March is fast approaching, so is the new Google Privacy Policy.

Fewer than one in eight Google users have taken the time to read the internet giant’s new privacy policy, a poll found recently.
The majority of us are in the dark about the way the web’s most popular search engine operator will use information about what we search for and what we do on-line. The findings came amid deepening concerns about the abuse of private information by internet companies.

When the new policy comes into effect on March 1, information from most Google products will be treated as a single collection of data, which the company could use for targeted advertising.

By consolidating numerous product-specific privacy policies into one comprehensive policy, “we’re explaining our privacy commitments to users of those products in 85% fewer words,” said Pablo Chavez, Google’s director of public policy, on the company’s public policy blog.

Even though the new policy doesn’t change how Google operates, lawmakers are using it as a springboard into an inquiry over user privacy. After all, most web based companies state they may change their privacy policies from time to time and so we know companies do this kind of stuff – credit card companies send notices in the post, banks email you change their changes to terms of agreement all the time to inform their customers that new policies will soon go into effect.
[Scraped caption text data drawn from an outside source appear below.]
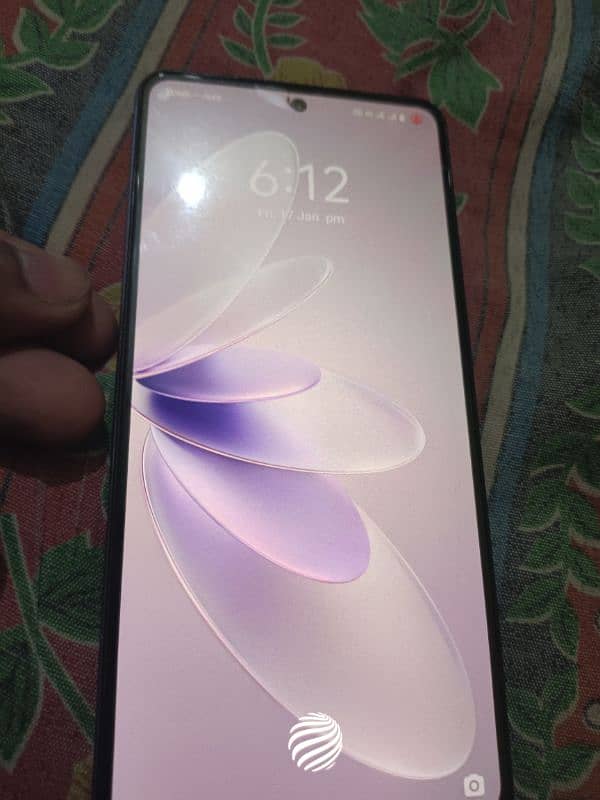 vivo v27e condition 9/10 with complete box 6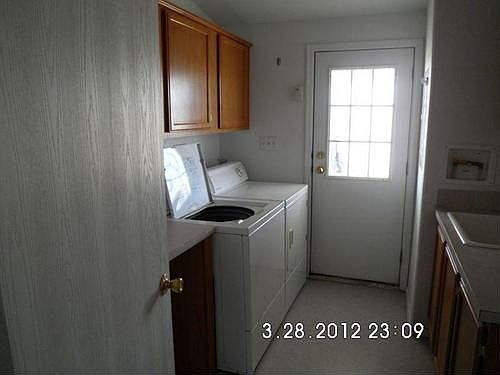 4th image of 253 N Grandpa Ln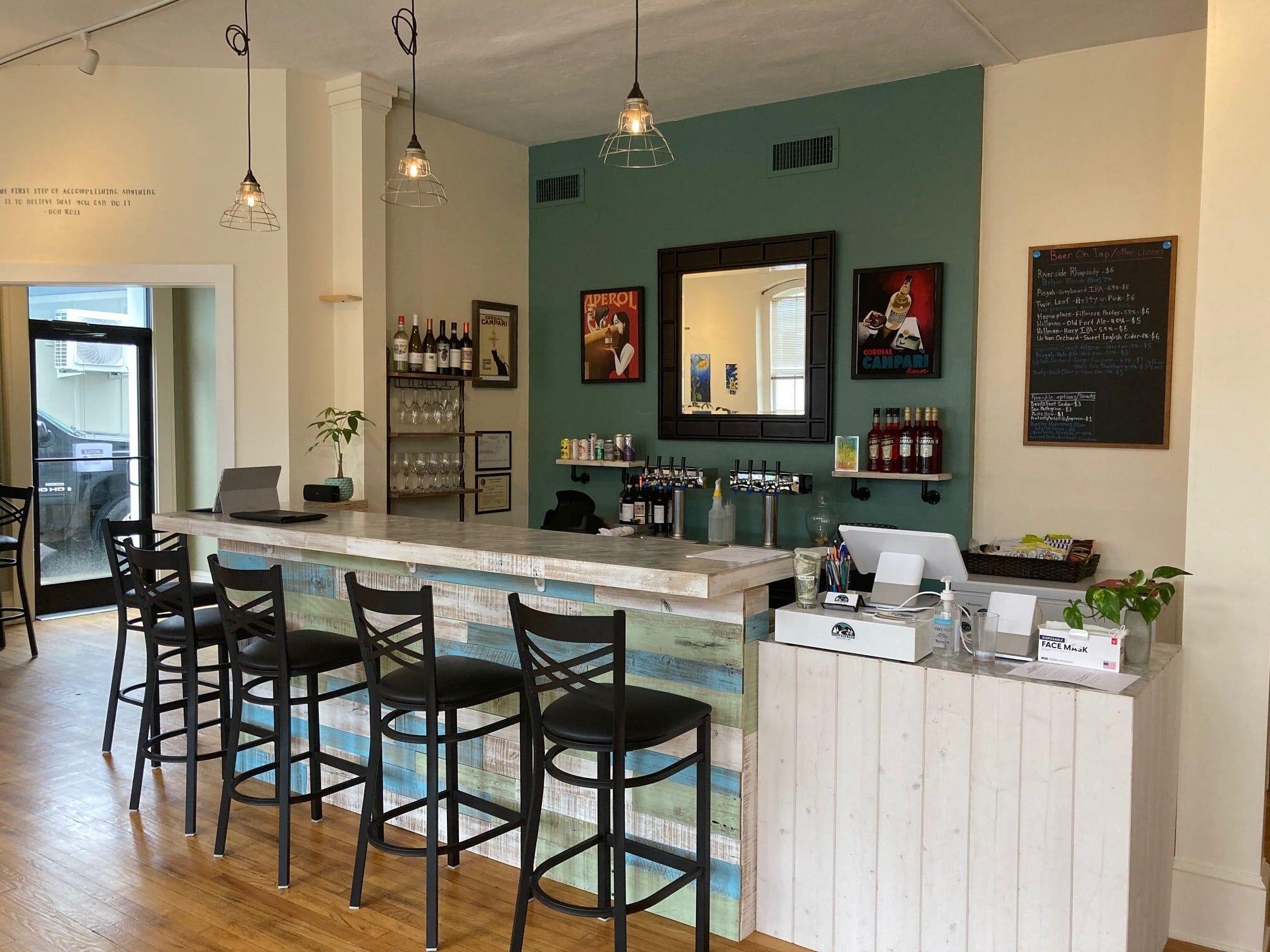 Picture of Hoppy Trees Beer & Spritz Bar
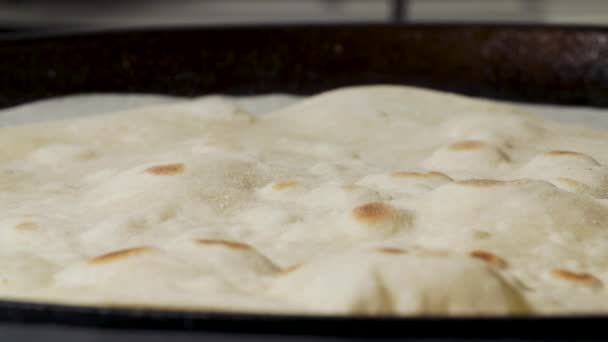 Pane pita tradizionale si gonfia con la bolla sulla padella — Video Stock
Some web based companies produce a pop-up window and ask users to click to agree to the, most of use just click without thinking. So does Google latest change really matter, and will we see any actual effects?

Google maintains that its privacy principles remain unchanged and that it does not sell its users personal information or share it without their permission.

Betsy Masiello, Policy Manager at Google, says, “Our privacy controls have not changed. Period. Our users can: edit and delete their search history; edit and delete their YouTube viewing history; use many of our services signed in or out; use Google Dashboard and our Ads Preferences Manager to see what data we collect and manage the way it is used; plus take advantage of our data liberation efforts, if they want to remove information from our services.”

And Google corporate communications officer Eitan Bencuya adds, “We’ve rewritten the main Google Privacy Policy from top to bottom to be simpler and more readable. The new policy replaces more than 60 existing product-specific privacy documents, which will make it easier for users to learn about what information we collect and how we use it.”

So will Google know more about you than your wife does after March 1st? If it does, and if you start getting bombarded with advertising across all Google platforms then this could backfire on Google the way Google Buzz did. Users could simply stop signing into Google accounts, stop using Gmail and start using other search engines such as Bing. However, what will probably happen long term is users will continue to use Google search, they will continue to use Gmail, they will continue to visit You Tube and Google will continue to be the number one search engine. Time will tell.